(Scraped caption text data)

........

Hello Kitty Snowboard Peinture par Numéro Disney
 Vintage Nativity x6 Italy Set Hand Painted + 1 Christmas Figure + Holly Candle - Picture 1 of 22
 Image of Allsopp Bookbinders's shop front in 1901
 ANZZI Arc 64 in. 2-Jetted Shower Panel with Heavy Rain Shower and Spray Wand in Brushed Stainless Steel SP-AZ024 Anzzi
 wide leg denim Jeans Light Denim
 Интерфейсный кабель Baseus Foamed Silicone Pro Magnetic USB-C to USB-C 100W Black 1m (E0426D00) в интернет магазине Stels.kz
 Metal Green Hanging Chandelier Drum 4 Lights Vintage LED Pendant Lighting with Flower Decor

........

Exercise: Of the entries above, transcribe exactly those lines that fall between the line containing "Vintage Nativity x6" and the line containing "wide leg denim Jeans Light Denim", together with those two lines.

Answer area:
 Vintage Nativity x6 Italy Set Hand Painted + 1 Christmas Figure + Holly Candle - Picture 1 of 22
 Image of Allsopp Bookbinders's shop front in 1901
 ANZZI Arc 64 in. 2-Jetted Shower Panel with Heavy Rain Shower and Spray Wand in Brushed Stainless Steel SP-AZ024 Anzzi
 wide leg denim Jeans Light Denim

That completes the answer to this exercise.